見她虛受著他的攙扶,從地上起來,卻不是要回到床上,而是向巧兒的方向走了一步,對她道:「娘沒用,護不住你,你要好好活著,莫要怪娘……」

陸懷心說一聲不好,就要拉住她,然而他卻慢了一步,她已換了方向,一頭向屋子正中的柱子上撞了過去。

眼看她就要頭破血流,陸懷的心都狠狠地揪在了一起。就在這時,一道影子卻飛撲了過去,將她險險推開,與她一起摔到了地上。

原來是那王張氏離她較近,反應過來,及時推開了她。不過王張氏事先也沒料到秀珠會做這傻事,還是動作慢了,讓她的額頭上都撞得腫起了一塊。

陸懷重重地鬆了口氣,然而心情還沒放鬆下來,就聽到了撕心裂肺的哭嚎聲。

哭嚎的卻不是秀珠,而是那王張氏,她緊緊抱著額頭紅腫默默垂淚的秀珠,又憤怒又心疼地痛罵:「啊!好好的,你這是做什麼啊,怎麼這麼傻啊!好日子就要來了,你尋死覓活幹什麼!」

秀珠撞得頭昏眼花,聽到她這般震耳欲聾的哭嚎,更是覺得眼冒金星,喘不上氣來。

她本來沒有昏迷,只是害怕那刀疤臉會硬要將她和巧兒帶走,才躺在地上裝作疼昏了過去。到得陸懷仗義出面,為她還錢,她心中感激,卻不知道他的來路和幫她的目的,怕他比那刀疤臉還要不如,才繼續裝昏。
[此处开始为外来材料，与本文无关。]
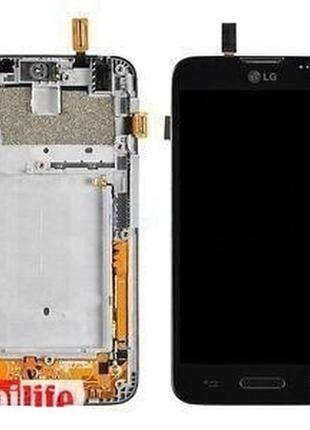 Дисплей для lg d320 optimus l70, d321 optimus l70, ms323 optimus l70 с сенсором и рамкой черный orig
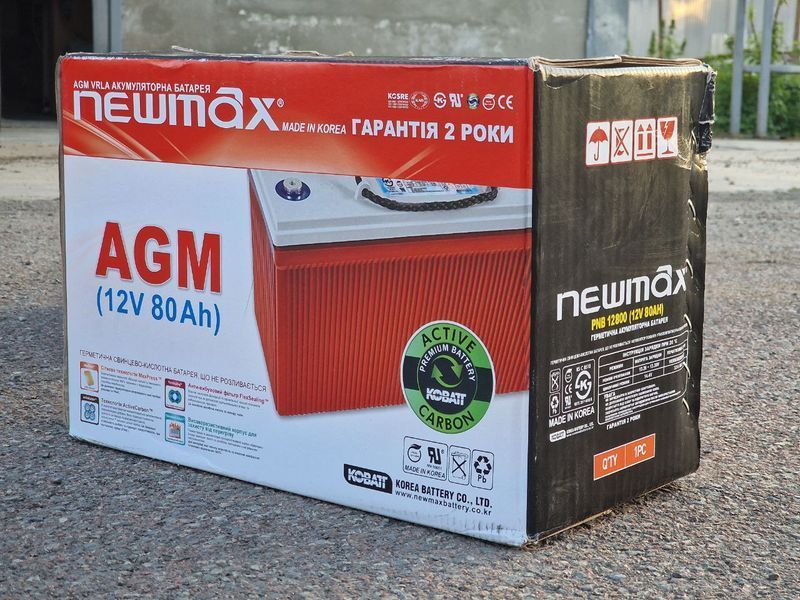 AGM акумулятор NewMax 80А/ч (Корея), фірмовий АГМ акумулятор Нюмакс (Newmax 80a/h) 80Ah PNB12800 agm фото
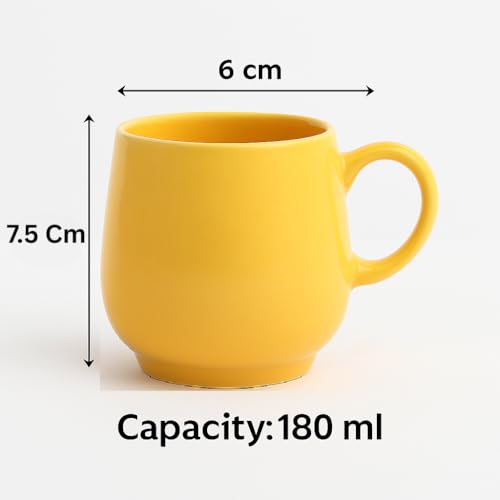 KITTENS Ceramic Tea Cup Set of 4 | 200ml Each | Multi Color | Microwave & Dishwasher Safe | BPA & Lead Free | Gift for Chai, Coffee & Milk | Eco-Friendly | Made in India - Image 4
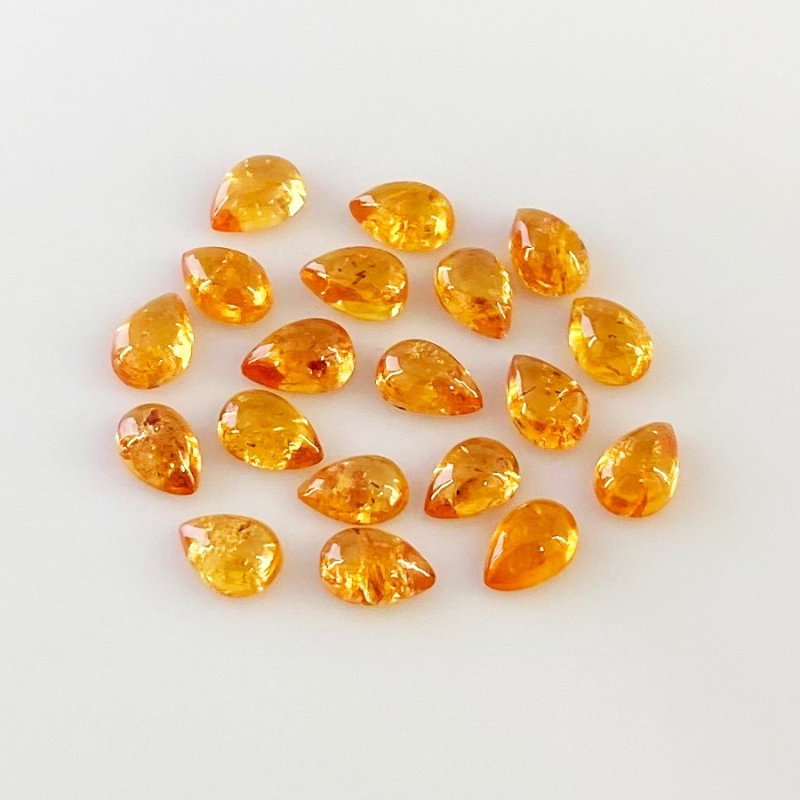 12.60 Carat Spessartite Garnet 6x4mm Smooth Pear Shape AA Grade Cabochons Parcel - Total 19 Pcs.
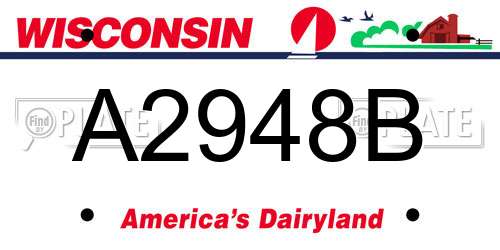 A2948B Wisconsin License Plate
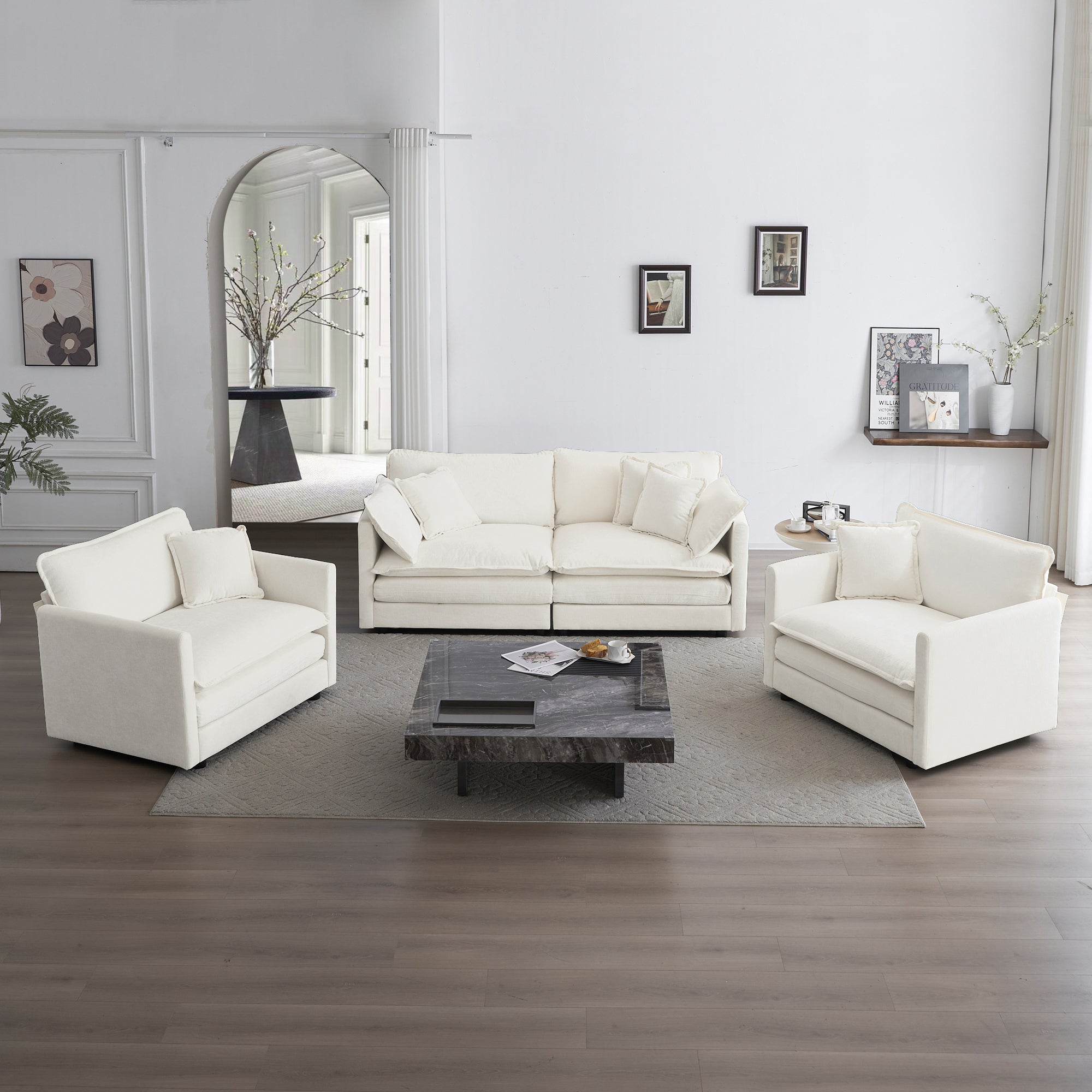 Fremont 3 Piece Chenille Upholstered Modular Sofa Set with Armchairs and Loveseat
等到聽了他的談吐,又聽他要為她延醫看病,就確定了他是個好人,正想起來感謝,卻聽到了哲安對王家的議論。

聽到哲安的議論,她才終於明白過來,這兩三個月去求王張氏幫襯時,借到的米越來越少,錢則是一次沒能借到過,也許不是因為王張氏借不出來,而是她覺得她與巧兒沒有出頭的日子,不想再繼續幫下去罷了。

如果連王張氏也不想幫她了,那麼她就真的沒有活路了。與其到最後她要被刀疤臉侮辱糟蹋不說,還要連累巧兒,那她還不如死了,讓刀疤臉惹了她這條人命,不敢再逼巧兒。
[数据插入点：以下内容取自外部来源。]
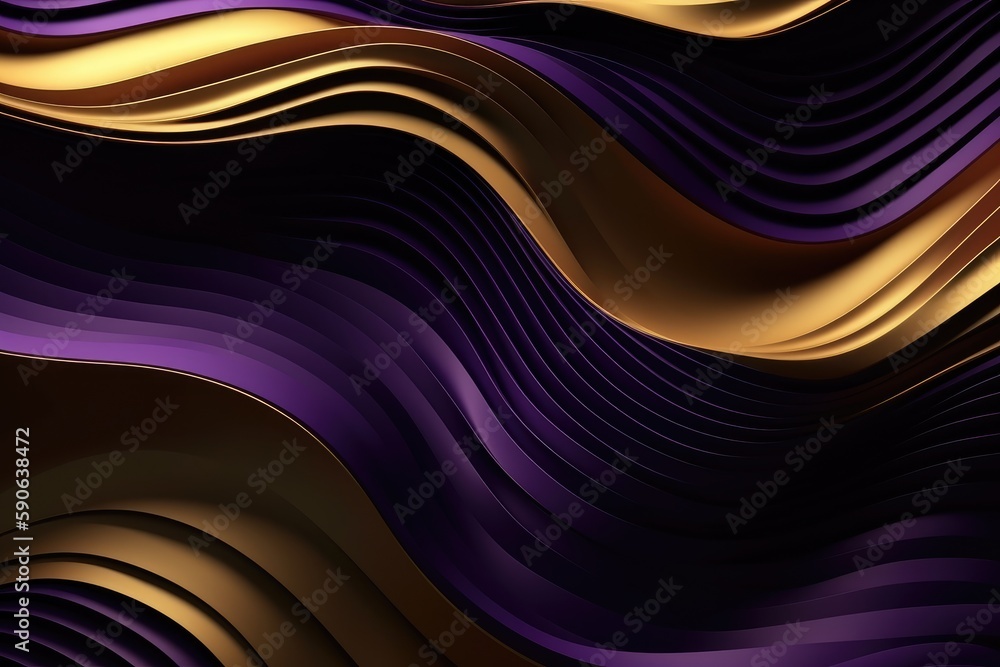 Poster wavy golden and purple metallic 3d background.. generative ai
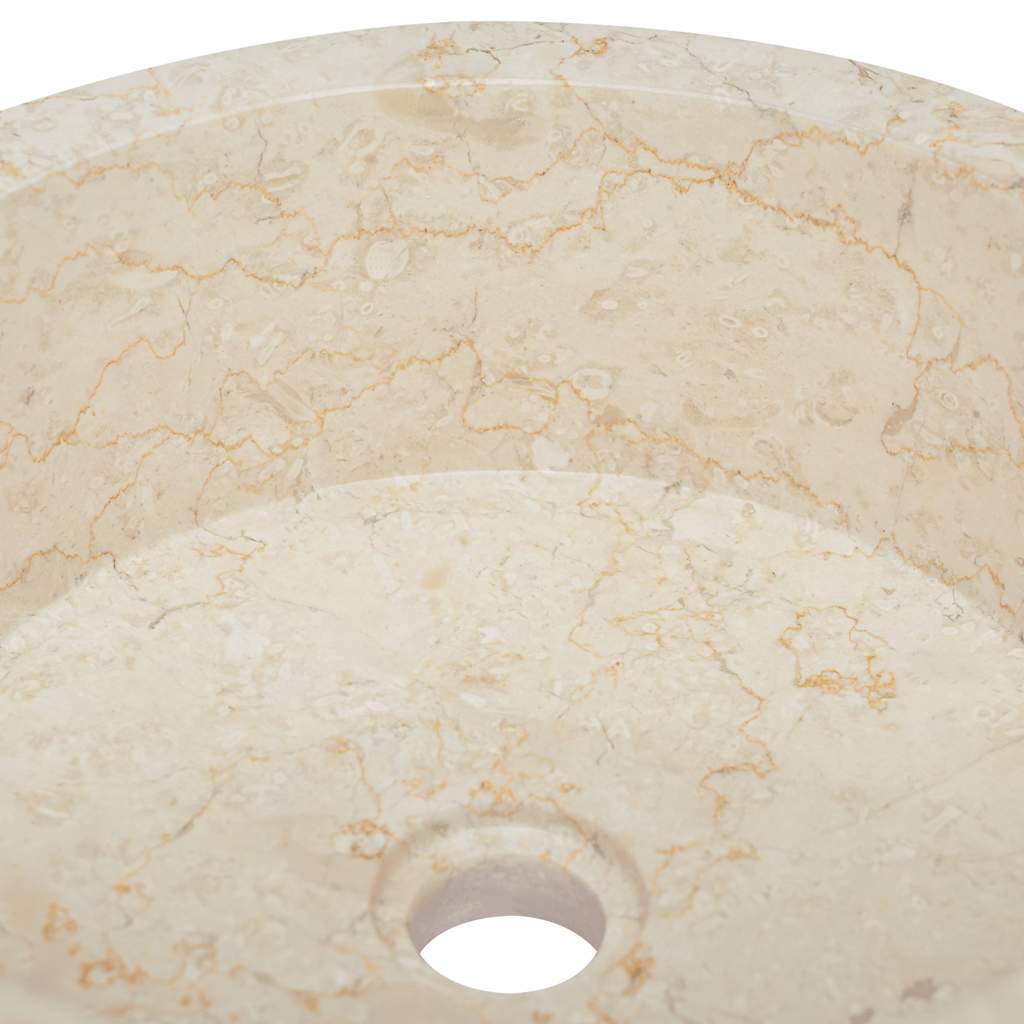 vidaXL Sink Ø40x15 cm marble cream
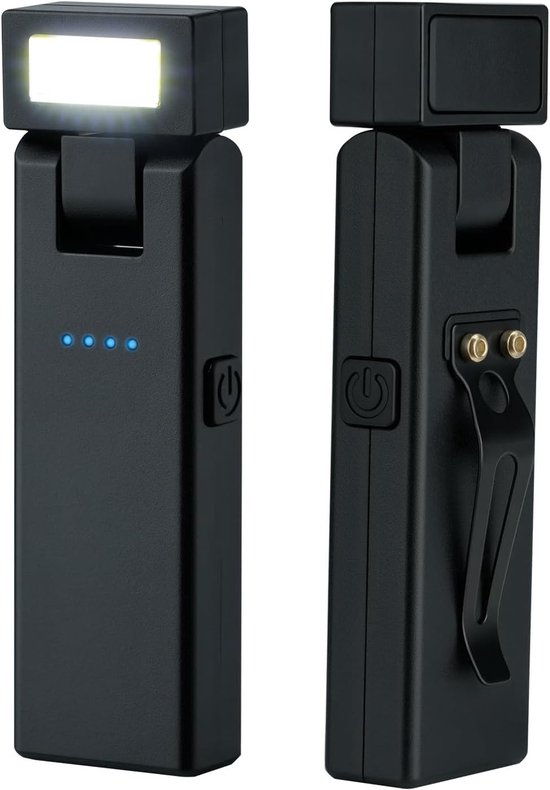 2 Teilige Magnetische Arbeitsleuchte Drehbare, Wiederaufladbare, Tragbare Led Cob Lampe Mit Clip Design, 3 Lichtmodi, Taschenlampe Für Autorepara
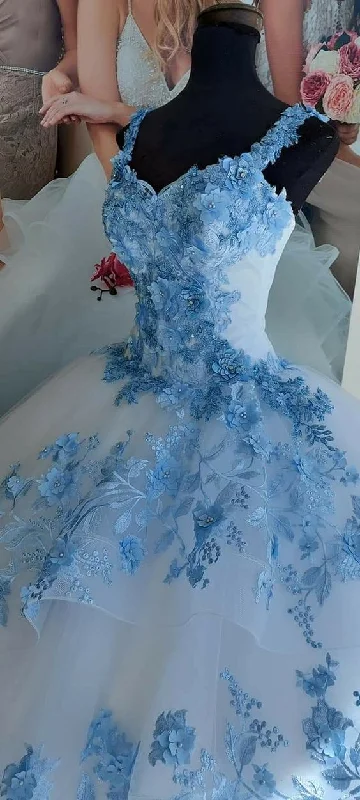 fitted bodycon dressWinter Wonderland Blue Flowers And White Tulle Ball Gown,Sweet 16 Dress Y758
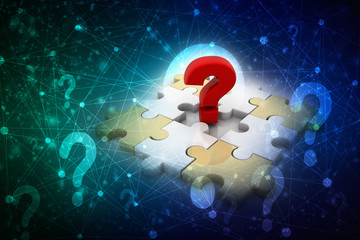 3d rendering Puzzle with question mark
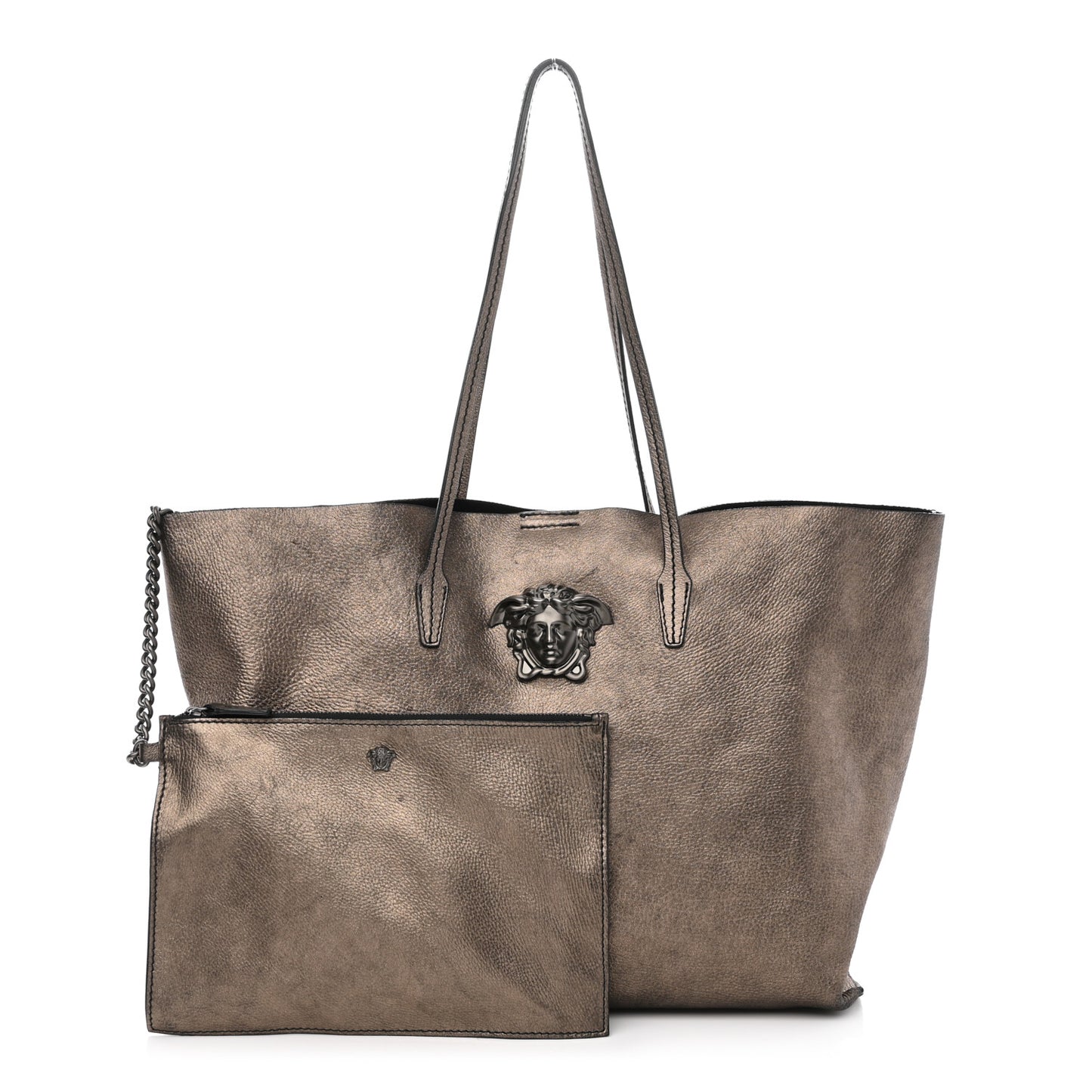 Metallic Calfskin Palazzo Medusa Tote Bronze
到時候,巧兒聰明機靈,又失了雙親,王張氏怎麼也能可憐可憐她,給她一口飯吃。若是巧兒命好,讓這救了她的大善人發了善心收養了,那以後也能衣食無憂了,說不定來日還能許個好人家。那她在九泉之下,也就能瞑目了。

她都想好了,就死在此刻,讓巧兒在他們的面前失去了娘,讓他們一定會動惻隱之心。可是為什麼,為什麼就讓她沒死成呢!

秀珠不禁想起了刀疤臉那句讓她「叫天天不靈叫地地不應」的威脅來,當即感覺心口更悶,急促地氣喘起來。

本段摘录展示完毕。